1. 適切な「区分」の選択と、事業計画とのバランス

商標を出願する際は、その商標を使用する商品やサービスのカテゴリである「区分(全45類)」を指定する必要があります。 

将来の成長やピボットの可能性を見越して、「周辺領域でサービスが増えるかもしれないから」と関連しそうな区分を片っ端から指定したくなるかもしれません。しかし、指定する区分が増えれば増えるほど、特許庁へ支払う印紙代や専門家への報酬などの「費用」が比例して増加します。さらに、実際にその事業を行っていない(あるいは近い将来に行う明確な予定がない)のに広範な区分を指定すると、特許庁から登録を拒絶される可能性があります。

また、登録後であっても、3年以上継続してその商標を使用していない区分については、第三者からの請求によって権利を取り消される「不使用取消審判」のリスクがあります。 限られた資金の中で、現在のコア領域と、直近1〜2年で確実に展開する周辺領域に絞って区分を指定するなど、事業成長とのバランスが取れた検討が必要です。

参照:商標登録の区分とは?45分類の商品・役務を一覧で解説

2. 「社名」と「サービス名」の関係性の整理

スタートアップでは、初めは異なる名前だった「社名」と「主力プロダクト・サービス名」を、認知度向上のために後から統一するケースが多々あります。

ですが、社名(商号)の登記と、サービス名の商標登録は全く別の制度です。法務局で社名登記できたからといって、その名前で商標権侵害にならないとは限りません。将来的にサービス名を社名にする可能性がある場合は、文字商標としてしっかり広範囲に権利を押さえておくなどの配慮が必要です。

3. M&A(イグジット)を見据えた権利の帰属

スタートアップの出口戦略(イグジット)として、IPOだけでなくM&A(バイアウト)も一般的な選択肢です。M&Aの際、買い手企業は対象企業の無形資産(ブランド価値や顧客基盤)を高く評価します。このとき、サービスの名称が商標登録され、法的に保護された状態であることは、企業価値(バリュエーション)を算定する上でポジティブな要素となります。
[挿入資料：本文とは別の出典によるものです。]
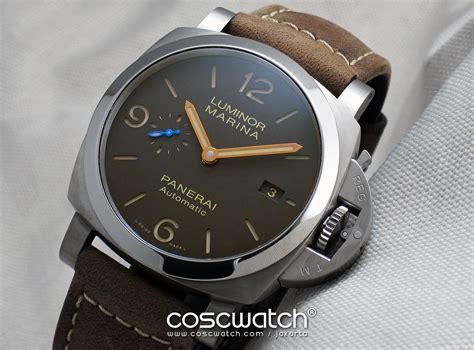 jam tangan luminor panerai original|luminor watches.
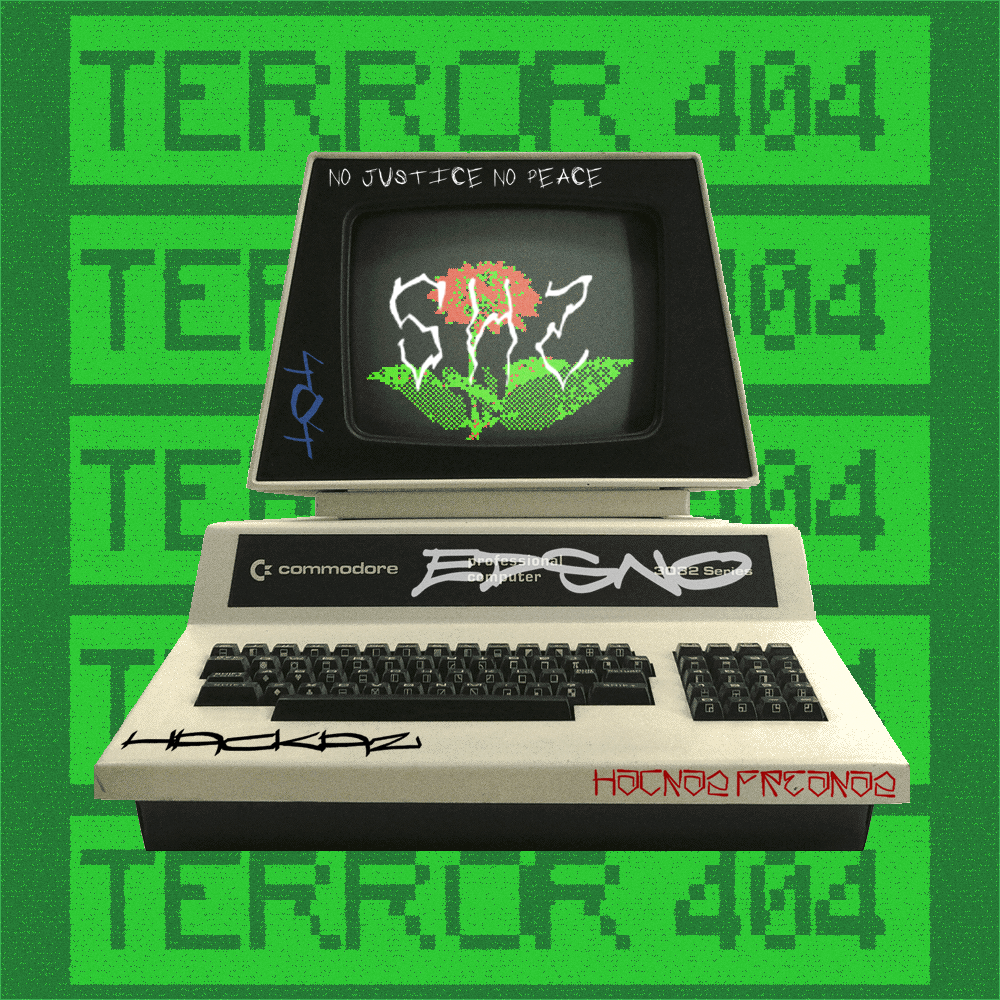 TERROR 404 ➋ #22 static token preview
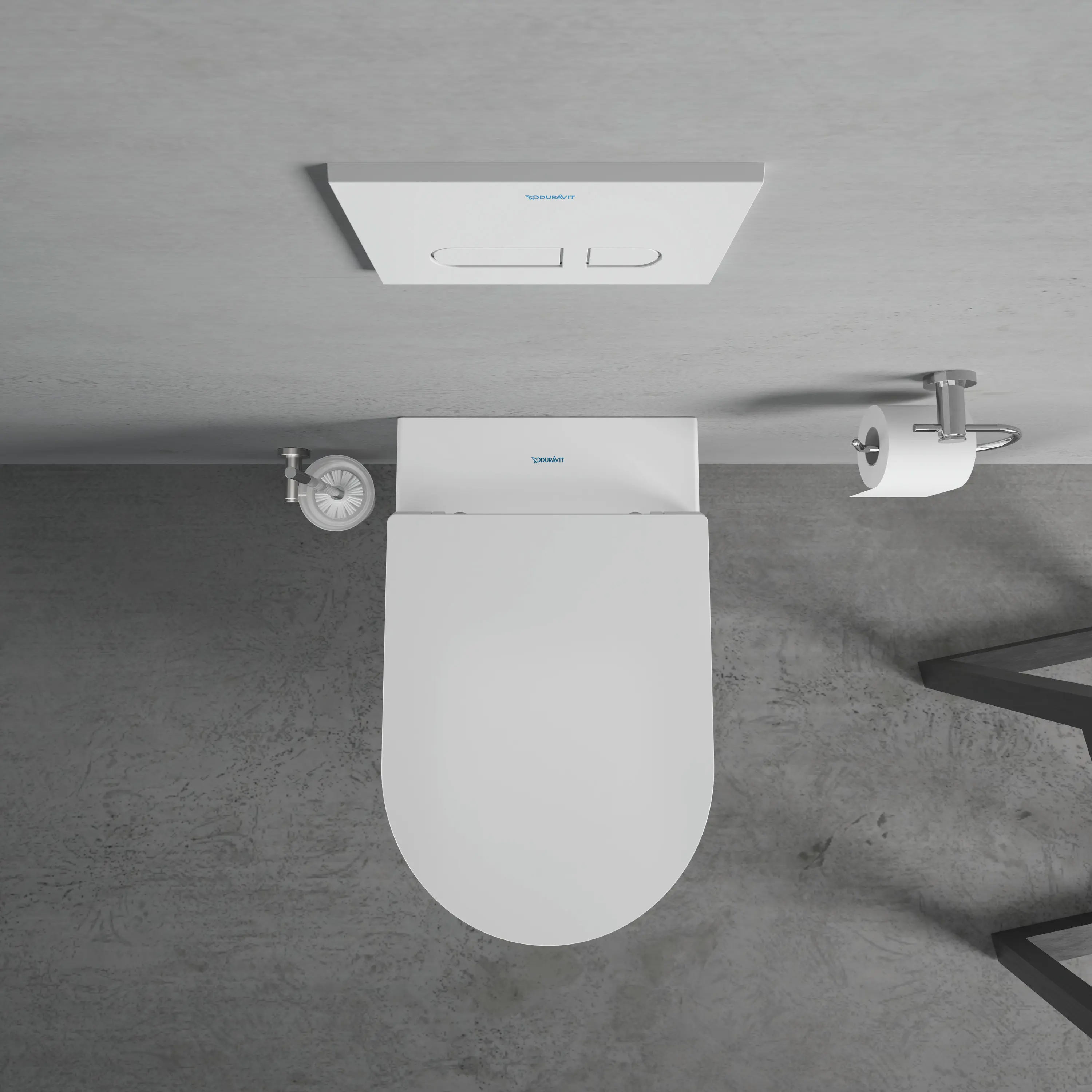 DURAVIT - ME by Starck toilet seat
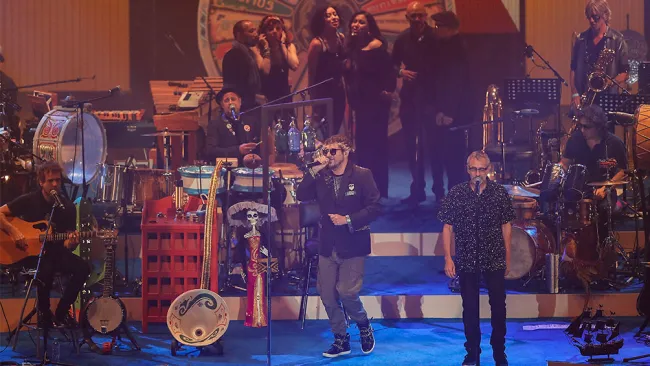 Auténticos Decadentes en el Auditorio Nacional 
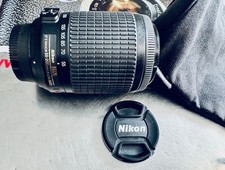 Nikon AF-S DX Nikkor 55-200mm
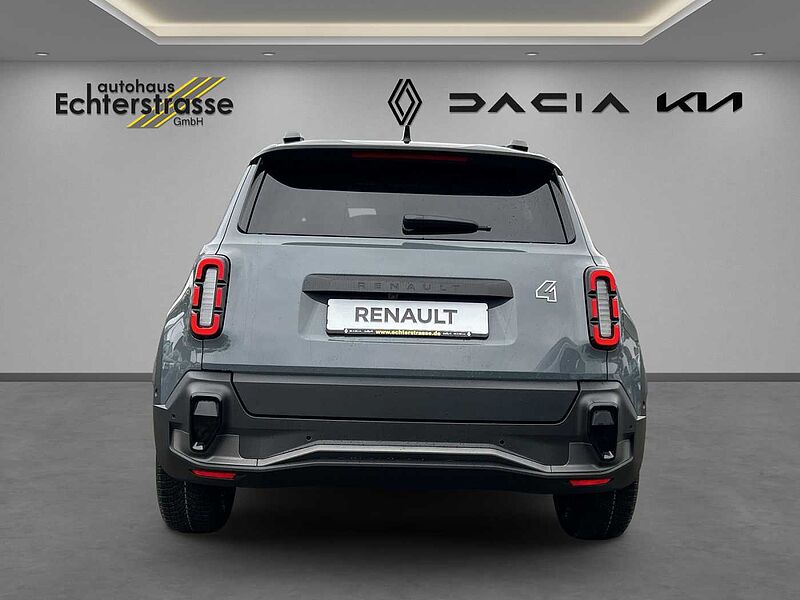 Renault R 4 E-Tech elektrisch Techno 150 Comfort Range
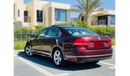 Volkswagen Passat Passat 2015 || GCC || 0% D.P || Full Option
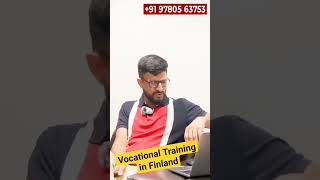 Vocational Training in Finland  How to get admission in Vocational programme [upl. by Nabru]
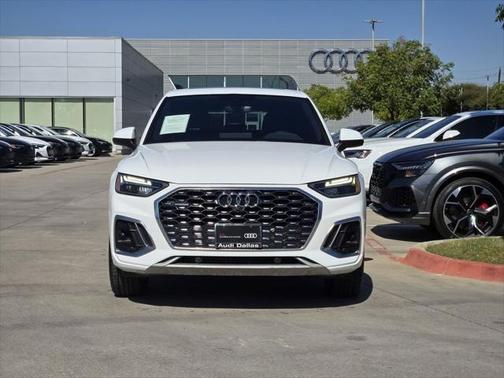 2021 Audi Q5 Sportback Premium 45 TFSI quattro S tronic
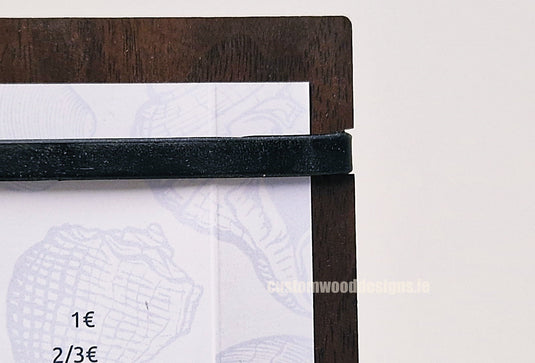 20 x Tablet Menu 32x22cm Securit __label: Multibuy default-title-20-x-tablet-menu-32x22cm-53612731957591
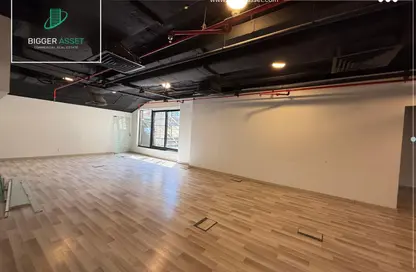 Office Space - Studio - 2 Bathrooms for rent in V90 - North Teseen St. - The 5th Settlement - New Cairo City - Cairo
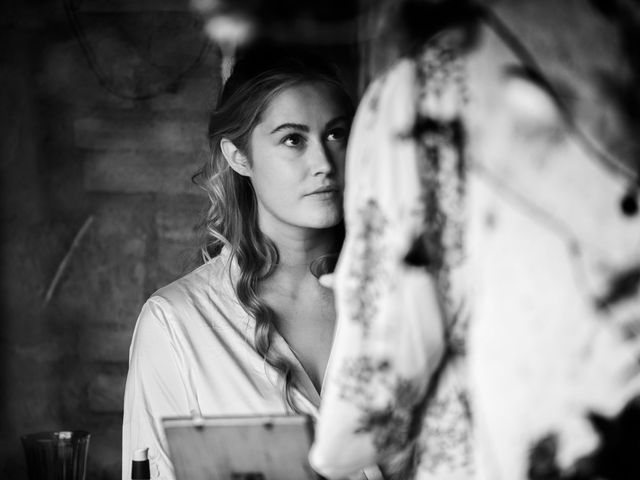 Il matrimonio di Seth e Lauren a Parrano, Terni 4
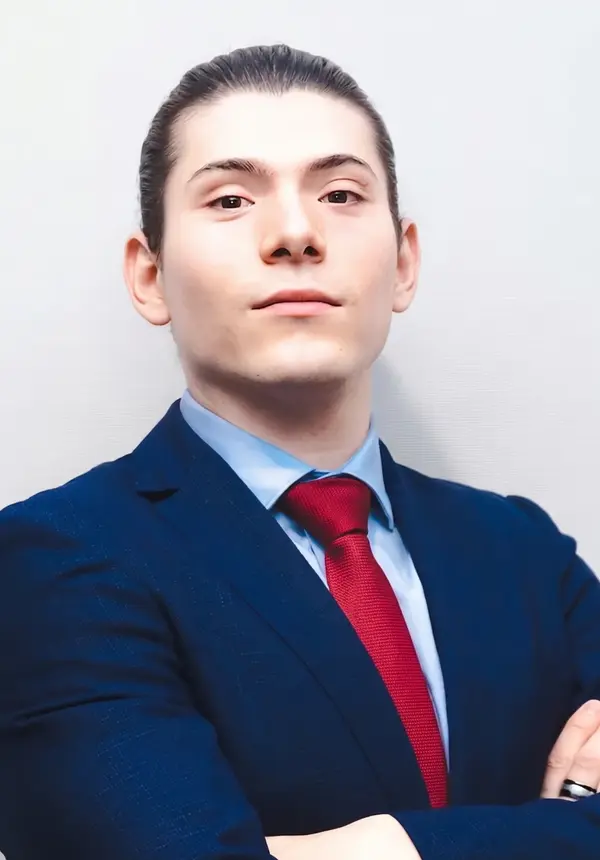 Retrato de Gabriel Freulon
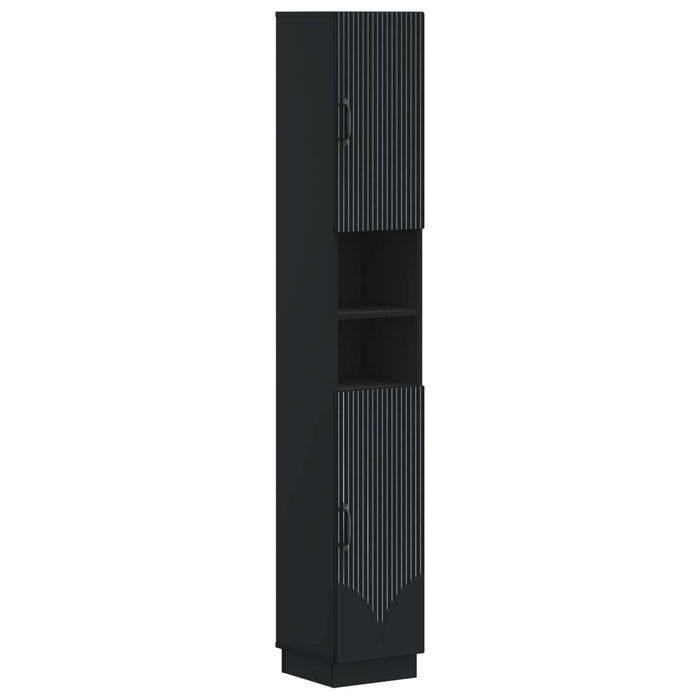 Set de cabinet pentru baie cu 3 piese HOORN Lemn prelucrat - WALTI WALTI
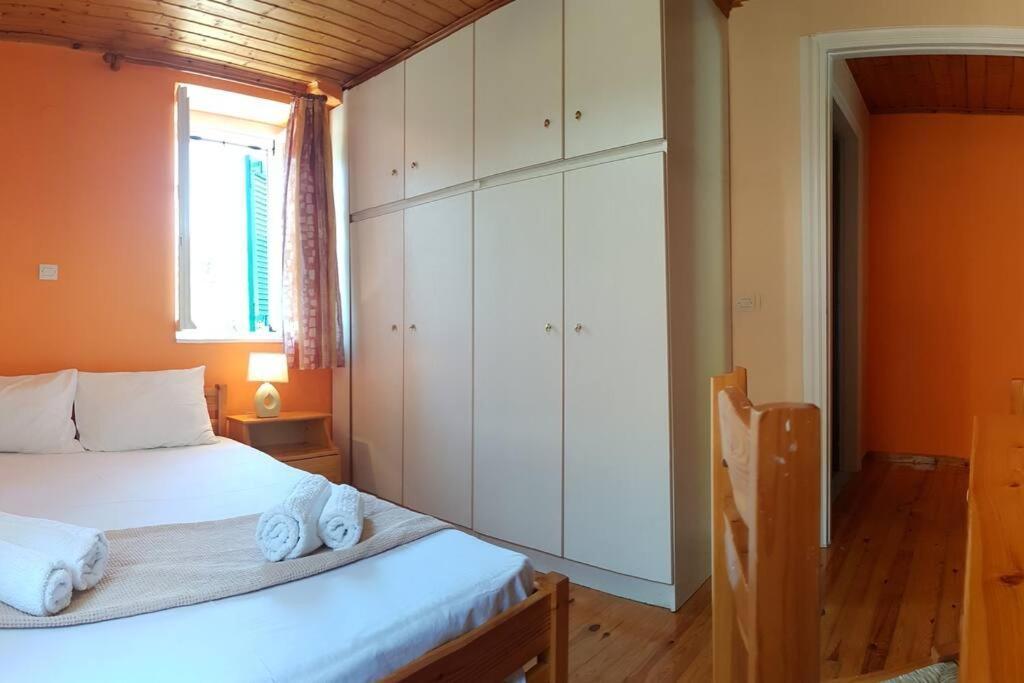 Karydia Apartments 4 Pers Lazaráta Dış mekan fotoğraf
逆に、商標権が未取得であったり、会社ではなく代表者個人の名義で登録されていたりすると、ディールにおいてマイナス評価となったり、後々に権利移転のトラブルになったりする可能性があります。事業を運営する法人名義で適切に管理しておくことが重要です。

4. 存続期間の選択(5年か10年か)

商標権の存続期間は原則として登録日から10年ですが、登録料を分割して「まずは5年分」だけ支払うことも可能です(前期・後期分割納付)。スタートアップの場合、5年後に同じビジネスモデル、同じ名称で事業を継続しているか不確実な部分も大きいため、初期費用を抑えるためにまずは「5年」で登録し、更新時期が近づいた際に見直すというのも、キャッシュフローに優しい選択肢です。

スタートアップにとって、商標登録は単なる「法的な手続き」ではなく、「自社が築き上げたブランドと顧客からの信頼を、自らの手で守り抜くための戦略」そのものです。PMFの兆しが見え、事業のアクセルを踏み込むそのタイミングで、自社の知的財産のリスクと機会について棚卸しすることをおすすめします。